→ **WHAT THE EXERCISE ASKS**: Every line of the listing below from the one with "5385-elwin-linen-pindler" up to and including the one with "Конструктор Военный из" should be retyped exactly, and nothing else; pictures are not part of the copy.

→ **DATASET CONTENT**:
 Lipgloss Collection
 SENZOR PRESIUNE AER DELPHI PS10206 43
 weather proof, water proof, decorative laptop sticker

==

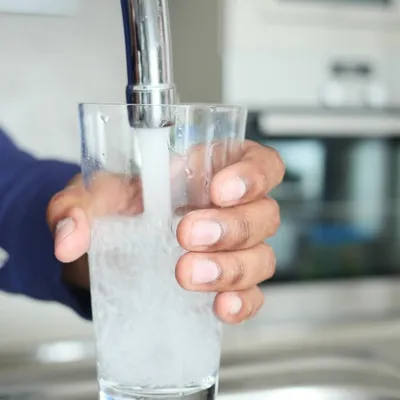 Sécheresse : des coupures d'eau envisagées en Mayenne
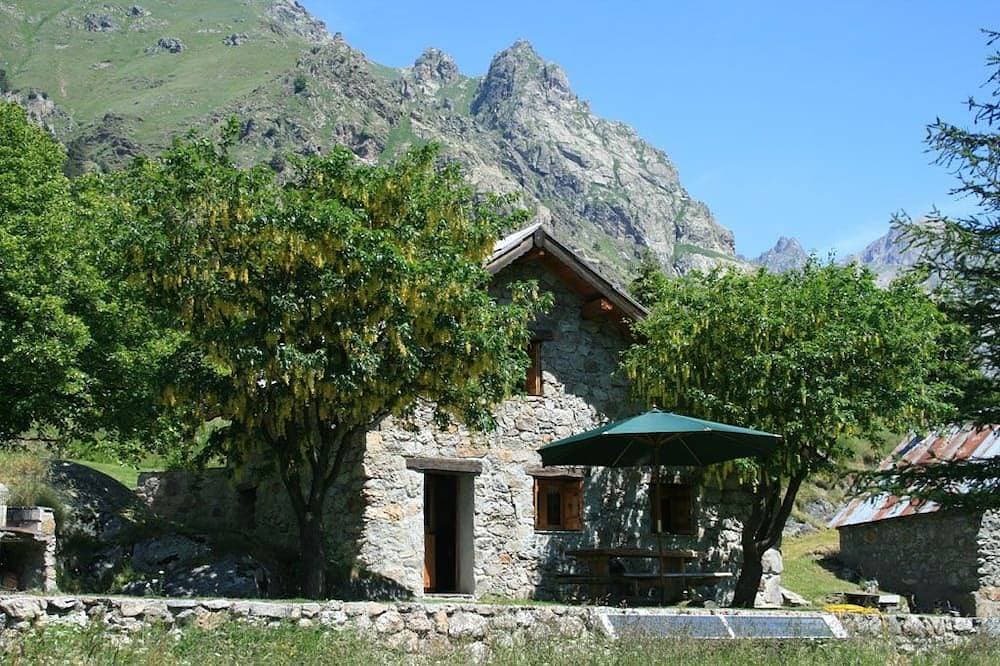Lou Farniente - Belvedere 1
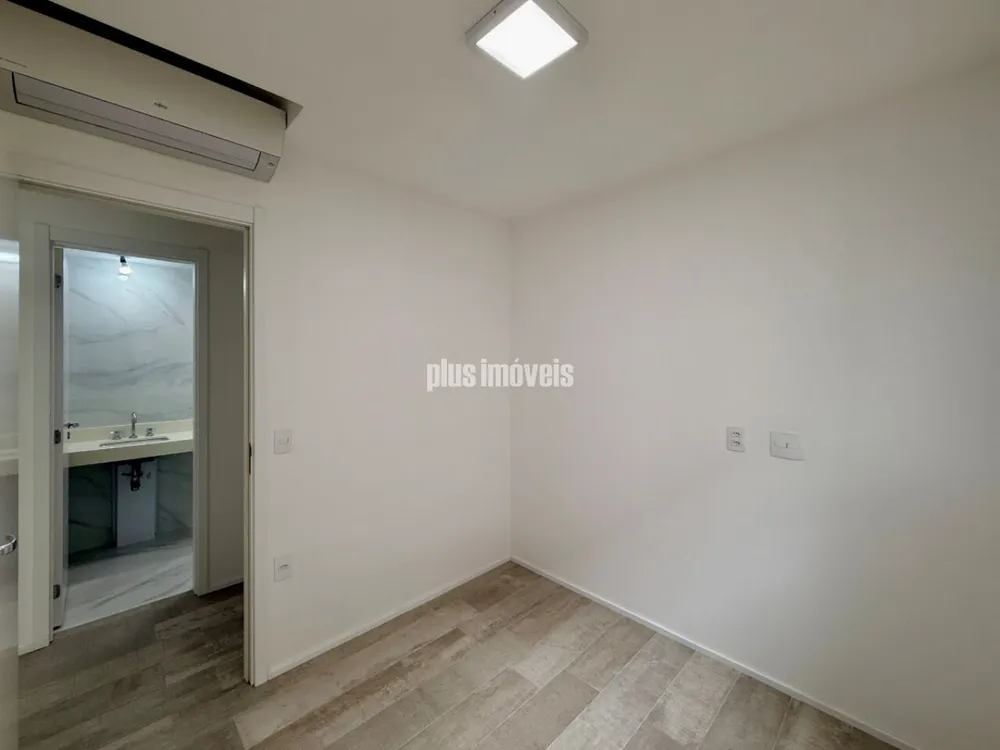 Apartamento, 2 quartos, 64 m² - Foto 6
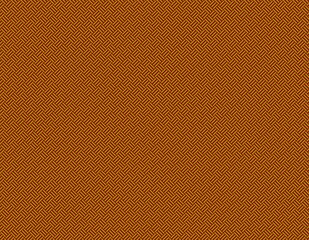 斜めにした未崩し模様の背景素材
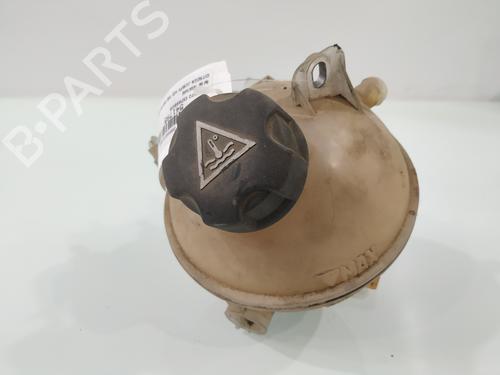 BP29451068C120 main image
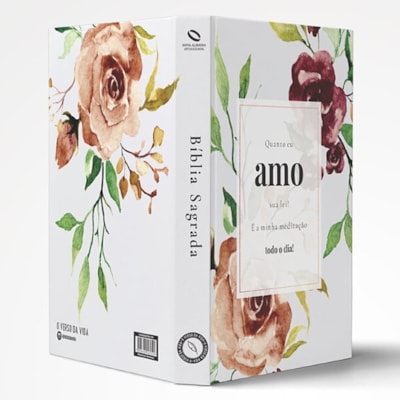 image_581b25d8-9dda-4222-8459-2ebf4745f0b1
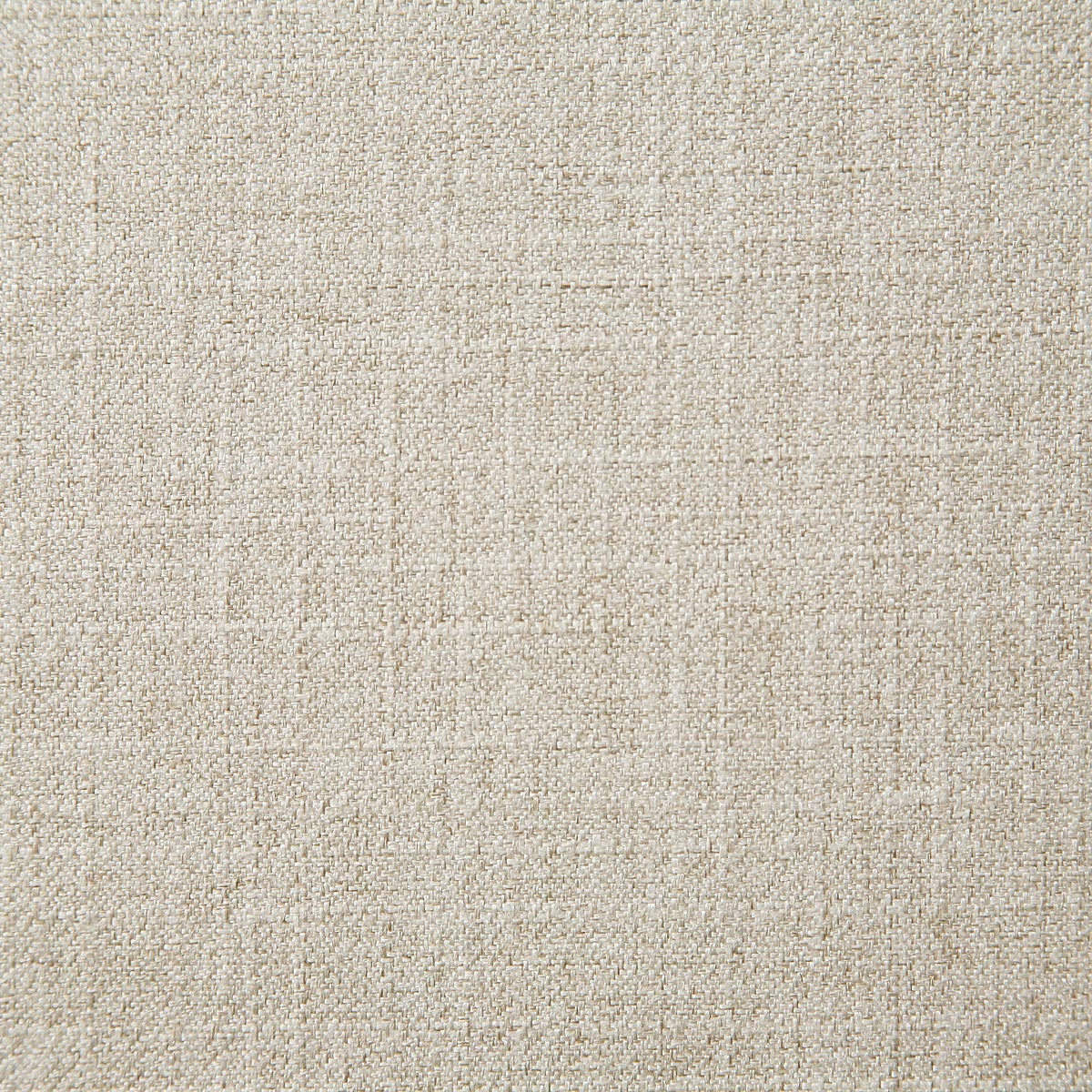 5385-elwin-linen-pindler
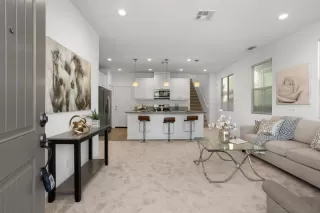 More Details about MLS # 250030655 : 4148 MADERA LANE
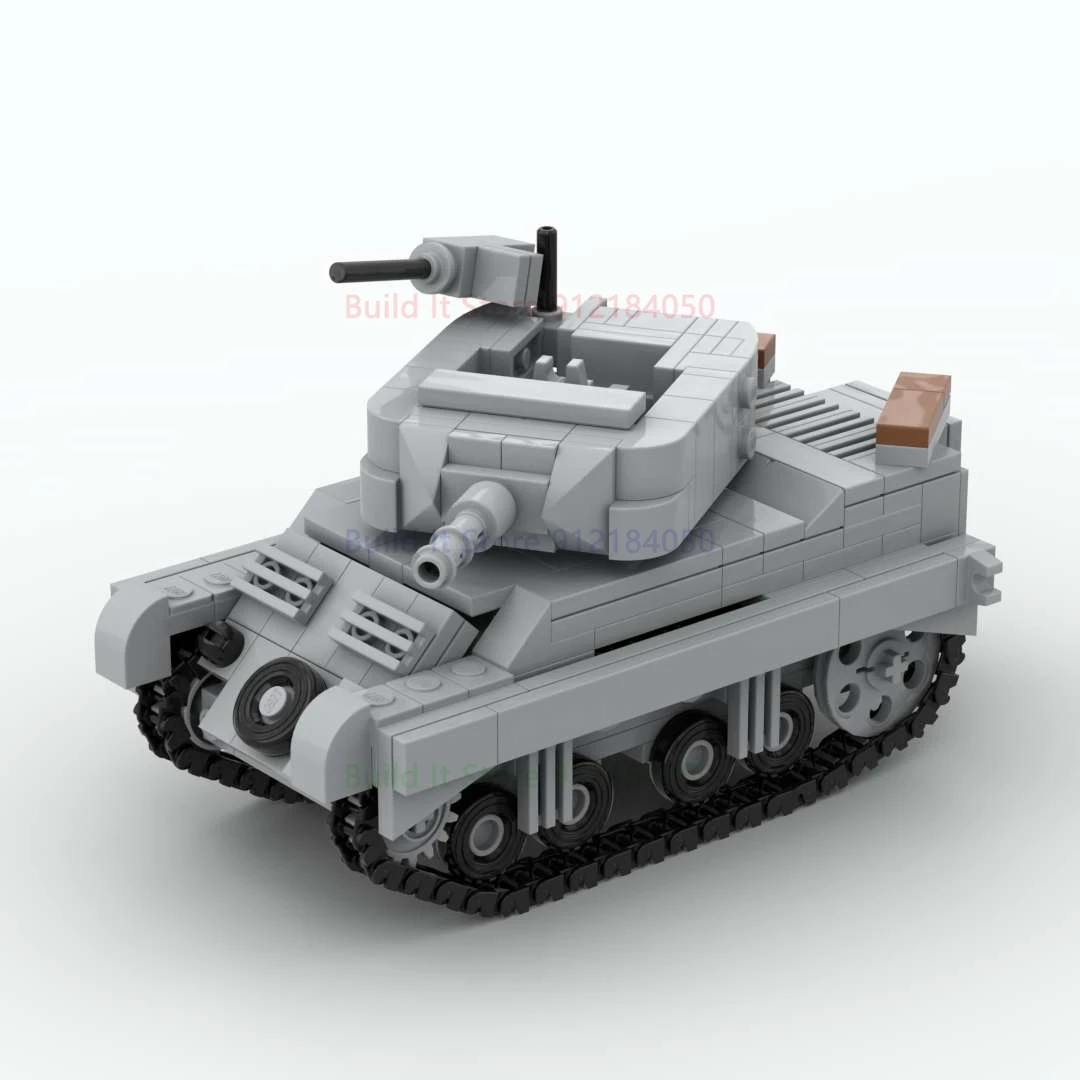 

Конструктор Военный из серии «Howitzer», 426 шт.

→ **EXERCISE ANSWER**:
 5385-elwin-linen-pindler
 More Details about MLS # 250030655 : 4148 MADERA LANE

Конструктор Военный из серии «Howitzer», 426 шт.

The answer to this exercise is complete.